Ricardinho comemorou a sintonia que a canção teve com a sinopse: “A gente pensou muito na linha de escrita, e na hora que a gente começou a ler a sinopse e as ideias vieram. A gente conseguiu transportar a ideia do carnavalesco, pelo que eu senti”, disse.
Sambistas e amigos
Quando perguntados se o fato da parceria ser formada por apenas duas pessoas é um trunfo, Bruno voltou a destacar que o processo de composição vai mudando conforme o tempo passa: “A nossa receita foi mudando ao longo do tempo. A gente foi mudando a forma de fazer e ajustando para chegar nesse formato que nos trouxe o tricampeonato aqui na São Lucas. Mas, para além disso, o que a gente tem de diferente na parceria é que nós somos amigos pessoais: a gente está sempre junto, para além do samba. A gente compõe samba de meio de ano, eu sempre estou na casa dele, ele sempre está na minha casa e o samba é um complemento dessa relação”, contou.
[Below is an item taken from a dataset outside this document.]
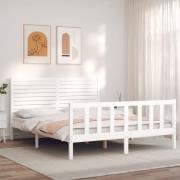 vidaXL Sängram utan madrass vit 160x200 cm massiv furu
Ricardinho comemorou a celeridade com que cada questão é resolvida entre os dois compositores: “Além de a gente ser amigo e a gente ser honesto um com o outro, respeitar a opinião alheia, a gente resolve tudo rápido. Não é uma firma, resolve rápido os dois. A gente consegue fazer com que as nossas ideias sejam mais transparentes na hora de resolver o problema”, disse.

Preferências
Curiosamente, os dois compositores têm trechos prediletos diferentes. Bruno começou explicando: “A saída do samba é diferente! Vem pedindo licença para a mãe África, vem incentivando a comunidade: ‘Sob as bênçãos da Mãe África, vai São Lucas’, que é uma abordagem diferente do começo do enredo. Ao invés de fazer uma referência à África, a gente está pedindo licença a ela para contar essa história densa que é esse enredo”, afirmou.
A capacidade de transformar a dor em algo mais suave foi comemorada por Ricardinho: “Eu gosto bastante do refrão do meio, porque é um tema triste e a gente teve uma solução bem leve para ele”, disse.

Tricampeões
Além do desfile de 2027, Bruno Leite e Ricardinho Olaria também venceram as eliminatórias da Unidos de São Lucas para o desfile de 2025 (“Ijexá”) e 2026 (“Meu tambor é ancestral, heranças e riquezas de um povo…um Brasil de festas pretas!”).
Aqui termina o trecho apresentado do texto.